- Genre: Youth series
- Directed by: David Cocheret Timon Moll Jan Pool
- Starring: Manouk Pluis; Koen van der Molen; Selin Akkulak; Yassine Kji; Hamza Othman;
- Country of origin: Netherlands
- Original language: Dutch
- No. of seasons: 2
- No. of episodes: 141

Production
- Production company: Stepping Stone;

Original release
- Network: AVROTROS; NPO Zapp;
- Release: 19 February 2018 – 2019

= Forever (Dutch TV series) =

2016 Dutch-language television series

Forever is a Dutch-language television series that was broadcast by AVROTROS on NPO Zapp.
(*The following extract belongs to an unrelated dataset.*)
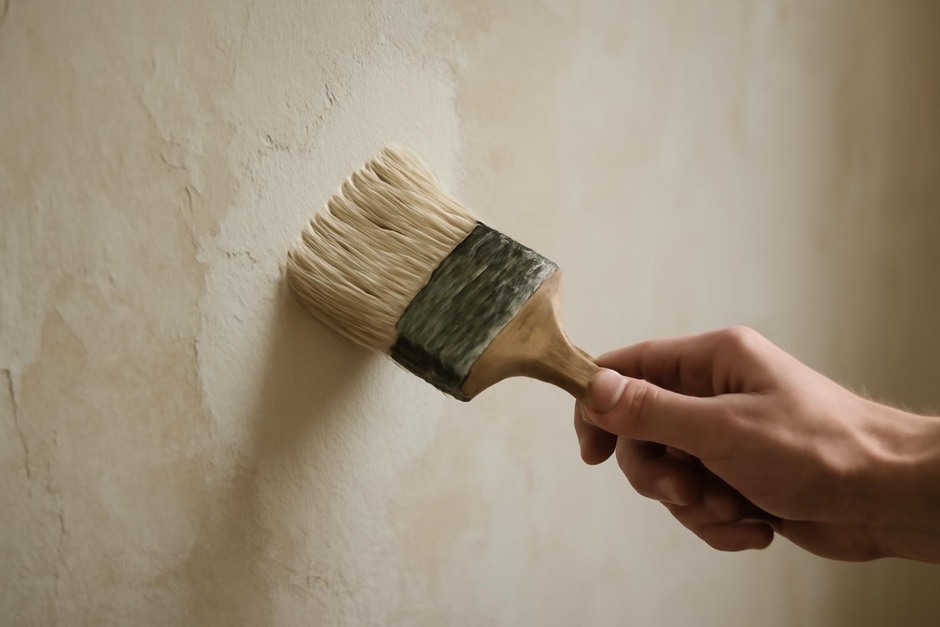 Close-up of a brush applying pale limewash to an interior plaster wall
The series is a remake of the Belgian program 4eVeR and is about the lives of four friends Sal (portrayed by Yassine Kji in season 1 and by Hamza Othman in season 2), Dex (Koen van der Molen), Bloem (Manouk Pluis) and Noa (Selin Akkulak), who come from completely different families.

== Cast ==

| Actor | Role | Season | Notes |
|---|---|---|---|
| Yassine Kji | Sal Massoud | 1 |  |
| Hamza Othman | Sal Massoud | 2 |  |
| Koen van der Molen | Dex Stuurman | 1-2 |  |
| Manouk Pluis | Bloem de Bree | 1-2 |  |
| Selin Akkulak | Noa de Wit | 1-2 |  |
| Ghieslaine Guardiola | Cindy Sital | 1-2 | Mother od Noa |
| Davy Gomez | Juuls de Bree | 1-2 | Little brother of Bloem |
| Arian Foppen | Luuk de Bree | 1-2 | Father of Bloem and Juuls |
| Soraya de Bakker | Inge de Bree | 1-2 | Mother of Bloem and Juuls |
| Delaila Ramdedovic | Noor Massoud | 1-2 | Sister of Sal |
| Hassan el Rahaui | Farouk Massoud | 1-2 | Father of Sal and Noor, policeman |
| Mounira Hadj Mansour | Nadia Massoud | 1-2 | Mother of Sal and Noor |
| Rick Lens | Jesse | 1-2 | Foster brother of Dex |
| Cynthia de Graaff | Suus | 1-2 | Mother of Dex |
| Roscoe Leijen | Bart | 1-2 | Friend of Suus |

==Release==
Forever was released on February 19, 2018 on AVROTROS.